== Segment start ==
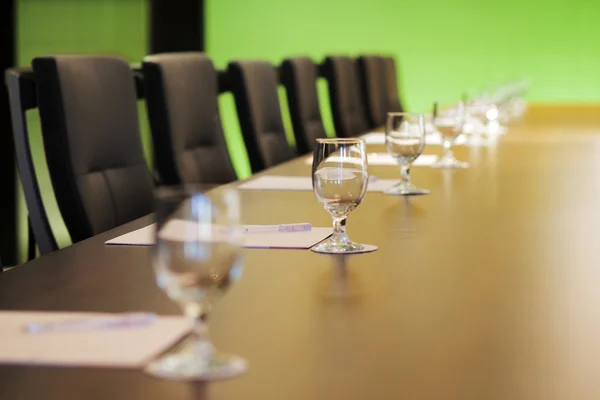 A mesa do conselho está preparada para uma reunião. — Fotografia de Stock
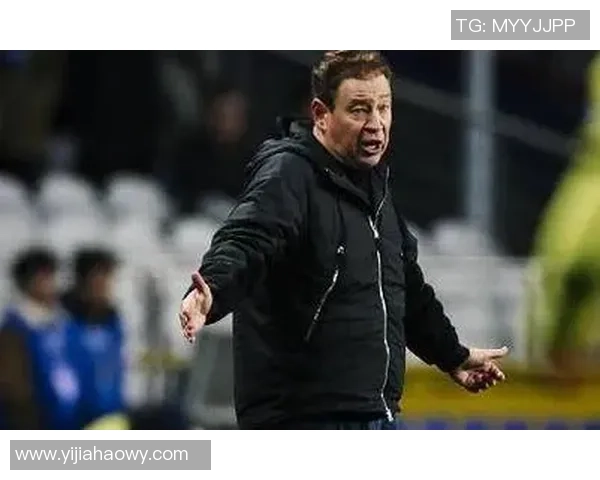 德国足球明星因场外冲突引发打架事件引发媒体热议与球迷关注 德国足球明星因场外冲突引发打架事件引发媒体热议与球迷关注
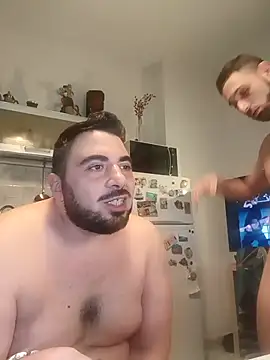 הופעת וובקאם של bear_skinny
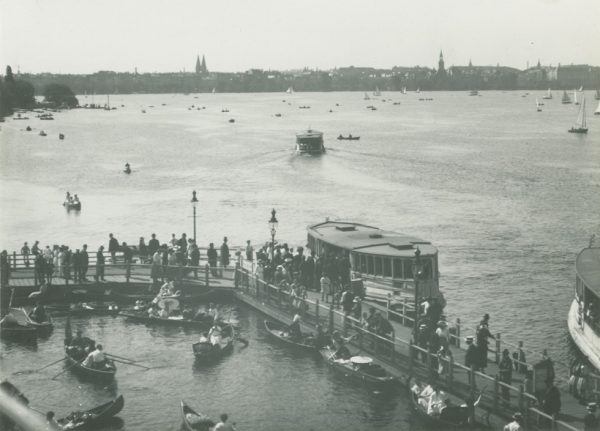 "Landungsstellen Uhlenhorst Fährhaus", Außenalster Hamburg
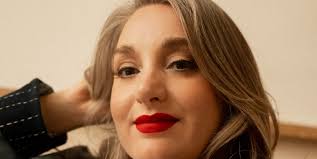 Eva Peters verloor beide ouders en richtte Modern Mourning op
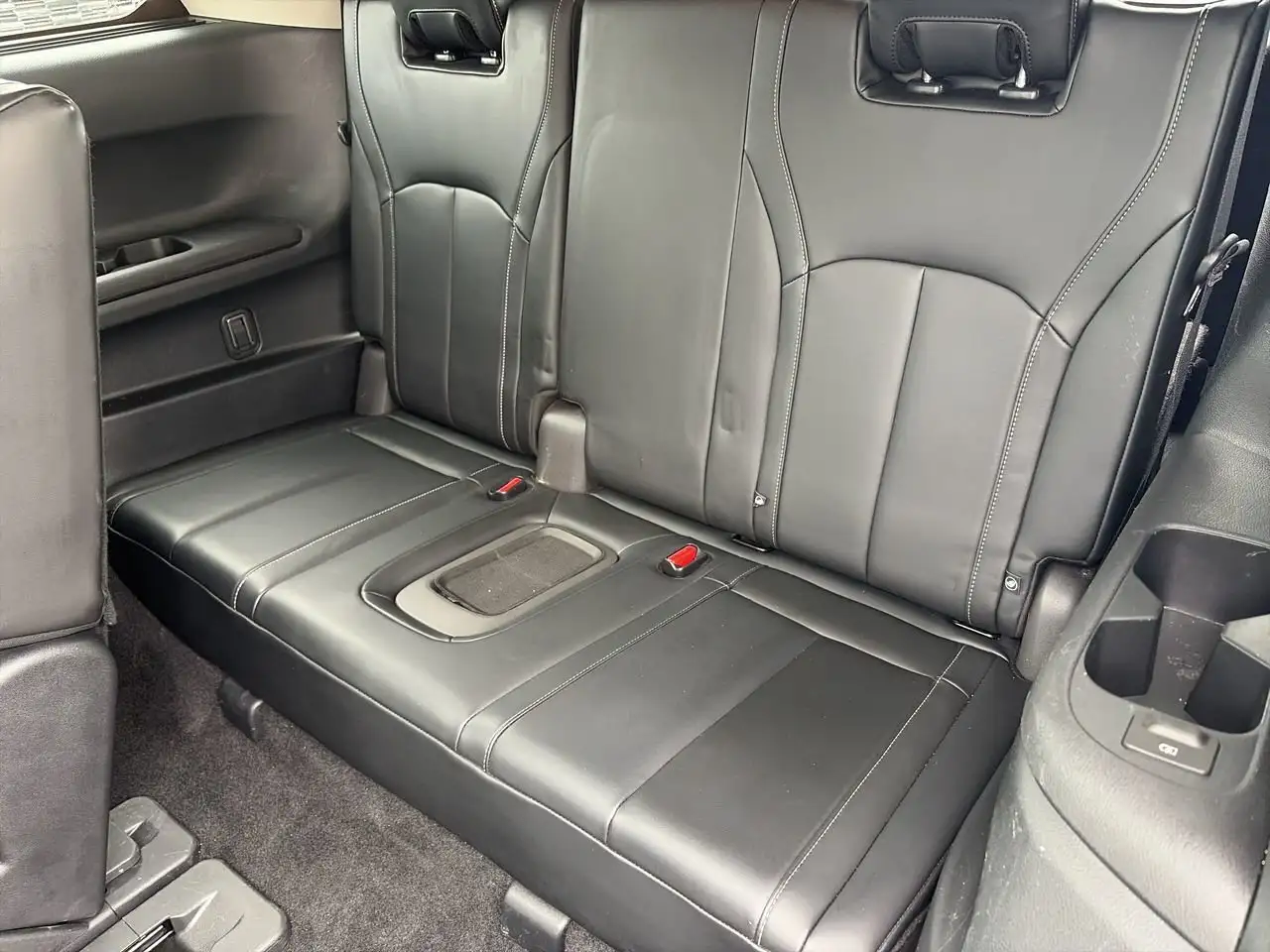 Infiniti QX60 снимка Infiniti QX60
== Segment end ==
== Segment start ==
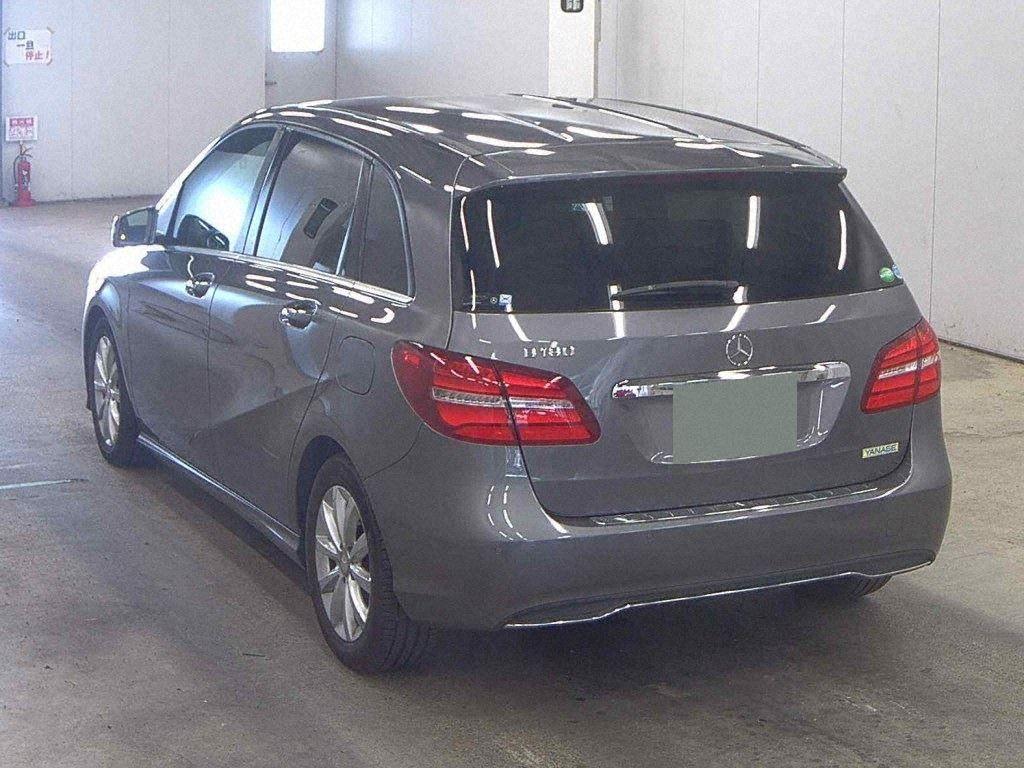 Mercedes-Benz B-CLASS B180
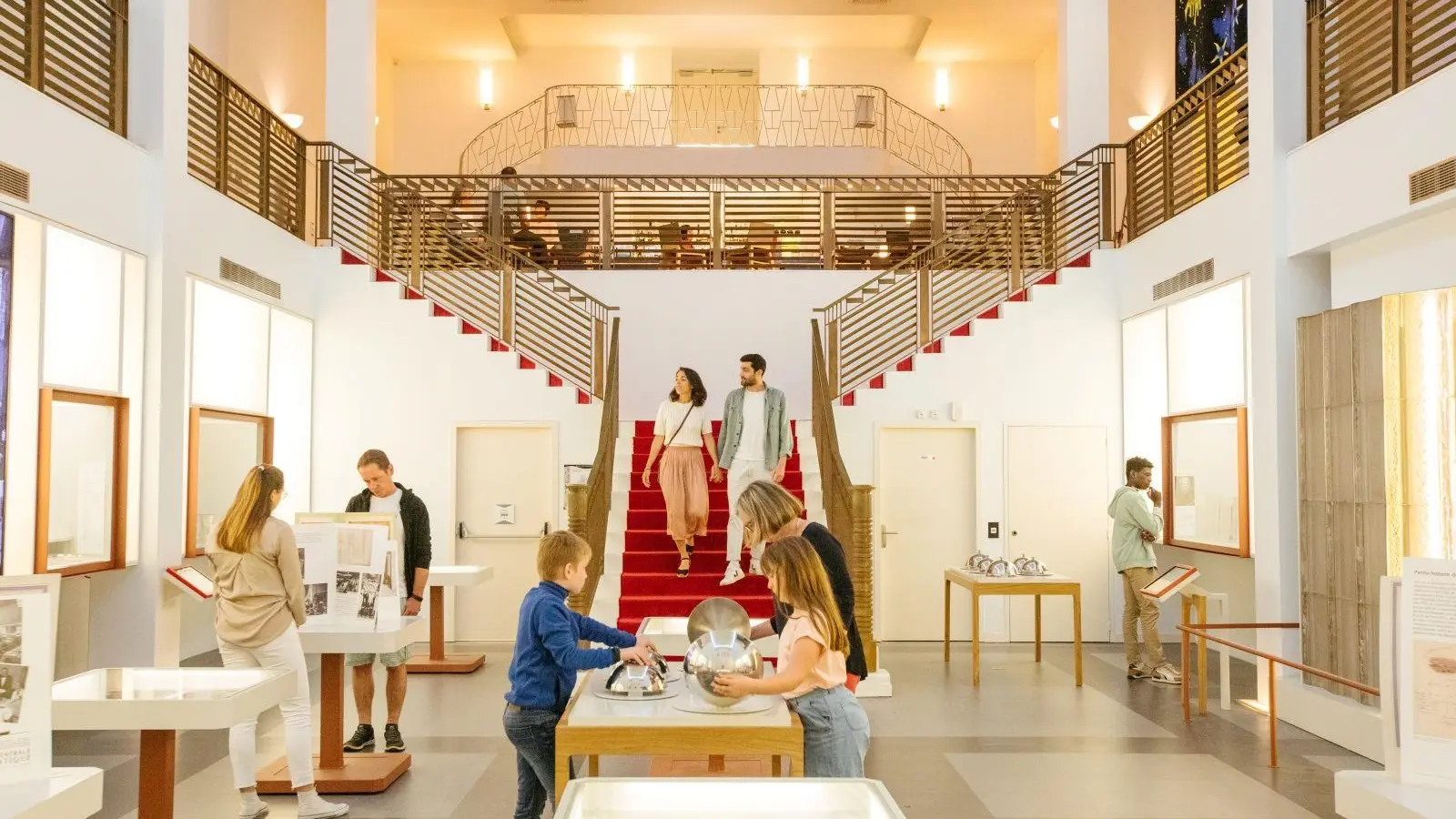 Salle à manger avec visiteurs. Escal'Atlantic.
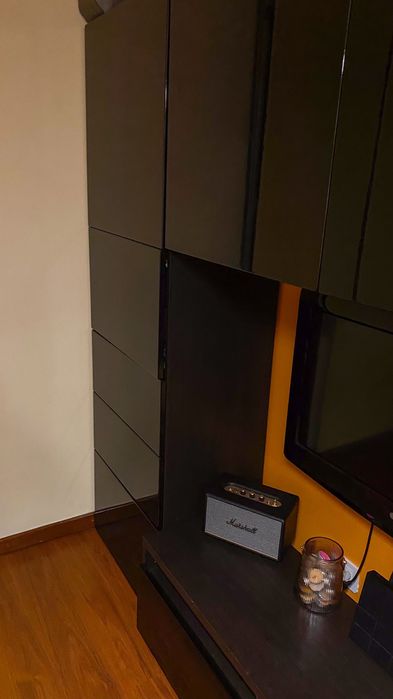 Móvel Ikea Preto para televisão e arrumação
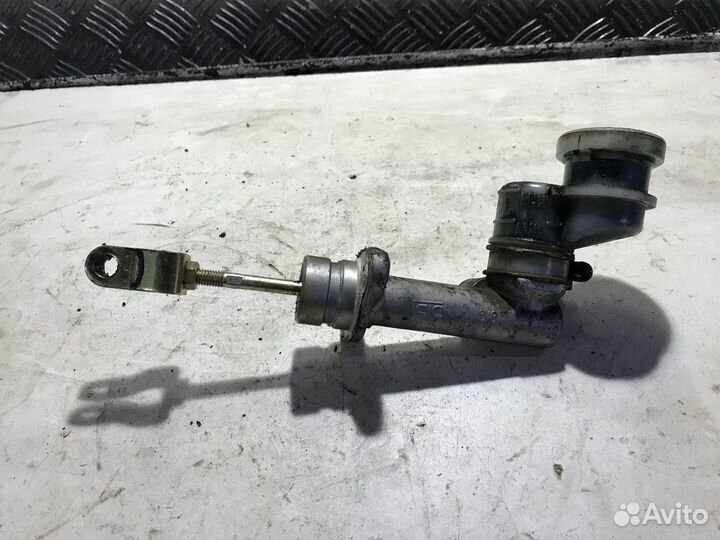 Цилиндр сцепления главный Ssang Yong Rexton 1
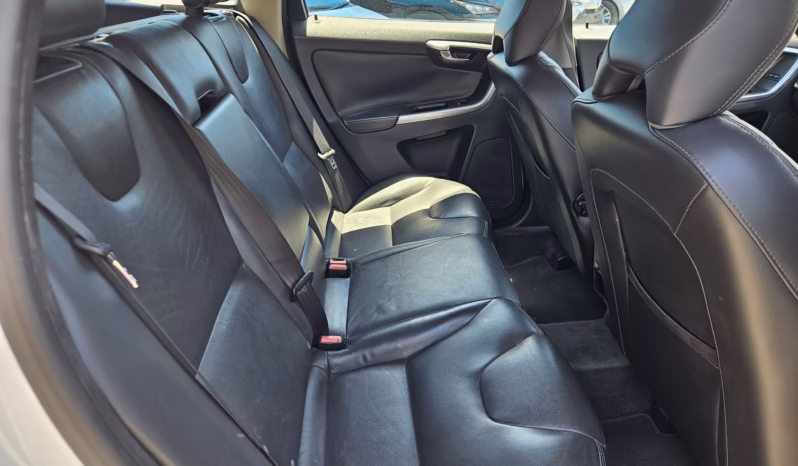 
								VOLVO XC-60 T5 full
== Segment end ==
== Segment start ==
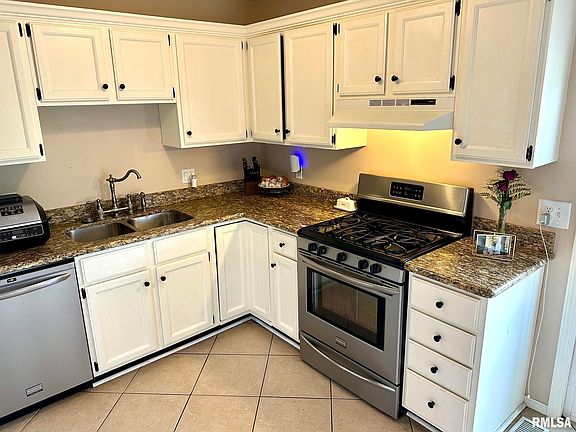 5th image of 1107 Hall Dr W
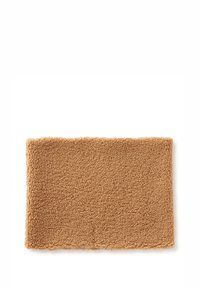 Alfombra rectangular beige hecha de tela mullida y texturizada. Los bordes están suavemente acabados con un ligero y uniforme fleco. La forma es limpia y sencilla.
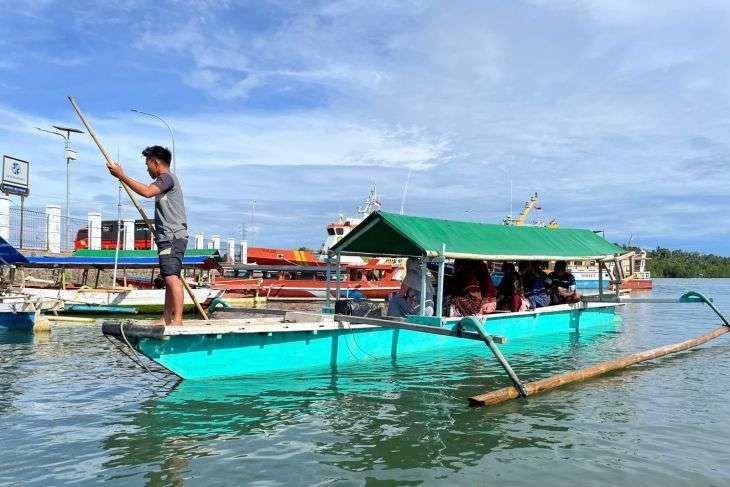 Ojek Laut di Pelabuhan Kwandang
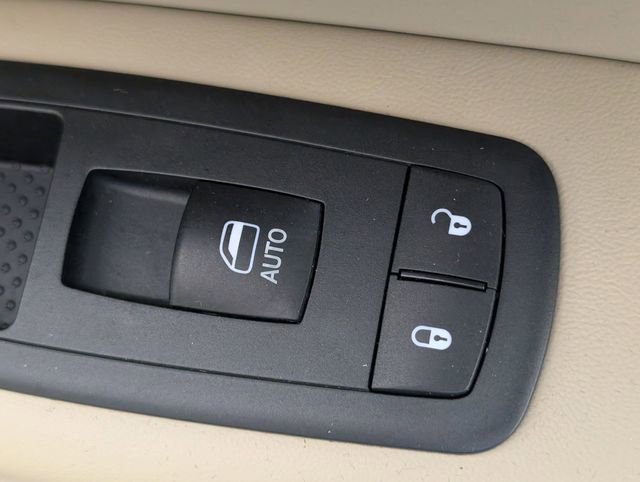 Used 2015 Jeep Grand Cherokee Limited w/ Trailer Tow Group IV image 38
== Segment end ==
What you should do.
Return exactly the lines that appear in the data above between the line containing "הופעת וובקאם של bear_skinny" and the line containing "Infiniti QX60 снимка Infiniti QX60", both of which are included, and leave the pictures out.

Exercise solution.
 הופעת וובקאם של bear_skinny
 "Landungsstellen Uhlenhorst Fährhaus", Außenalster Hamburg
 Eva Peters verloor beide ouders en richtte Modern Mourning op
 Infiniti QX60 снимка Infiniti QX60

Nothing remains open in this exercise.